(RECORDS FOR PROCESSING begins)
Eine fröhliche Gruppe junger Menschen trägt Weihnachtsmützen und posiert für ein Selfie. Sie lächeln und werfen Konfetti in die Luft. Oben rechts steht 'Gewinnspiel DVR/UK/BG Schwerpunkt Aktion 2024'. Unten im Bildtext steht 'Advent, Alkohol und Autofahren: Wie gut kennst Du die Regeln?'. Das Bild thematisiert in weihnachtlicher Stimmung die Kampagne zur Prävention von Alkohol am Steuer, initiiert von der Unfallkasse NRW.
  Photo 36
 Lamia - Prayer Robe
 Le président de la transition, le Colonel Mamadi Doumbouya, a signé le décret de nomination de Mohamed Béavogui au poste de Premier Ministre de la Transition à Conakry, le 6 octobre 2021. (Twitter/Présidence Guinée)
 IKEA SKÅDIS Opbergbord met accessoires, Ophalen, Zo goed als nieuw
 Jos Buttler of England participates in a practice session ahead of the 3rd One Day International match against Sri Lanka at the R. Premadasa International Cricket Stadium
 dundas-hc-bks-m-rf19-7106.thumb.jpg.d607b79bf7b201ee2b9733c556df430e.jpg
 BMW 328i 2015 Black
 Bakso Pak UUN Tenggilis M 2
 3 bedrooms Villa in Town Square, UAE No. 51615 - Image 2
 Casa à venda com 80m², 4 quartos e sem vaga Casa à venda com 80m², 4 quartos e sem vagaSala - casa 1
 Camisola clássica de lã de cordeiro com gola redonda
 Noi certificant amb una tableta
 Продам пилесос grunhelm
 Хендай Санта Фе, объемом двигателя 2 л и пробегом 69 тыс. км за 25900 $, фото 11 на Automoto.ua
(RECORDS FOR PROCESSING ends)
An exact repeat of the lines from the one containing "Casa à venda com 80m², 4 quartos e sem vaga Casa" through the final line of the entries is the whole answer.

- **ANSWER**
 Casa à venda com 80m², 4 quartos e sem vaga Casa à venda com 80m², 4 quartos e sem vagaSala - casa 1
 Camisola clássica de lã de cordeiro com gola redonda
 Noi certificant amb una tableta
 Продам пилесос grunhelm
 Хендай Санта Фе, объемом двигателя 2 л и пробегом 69 тыс. км за 25900 $, фото 11 на Automoto.ua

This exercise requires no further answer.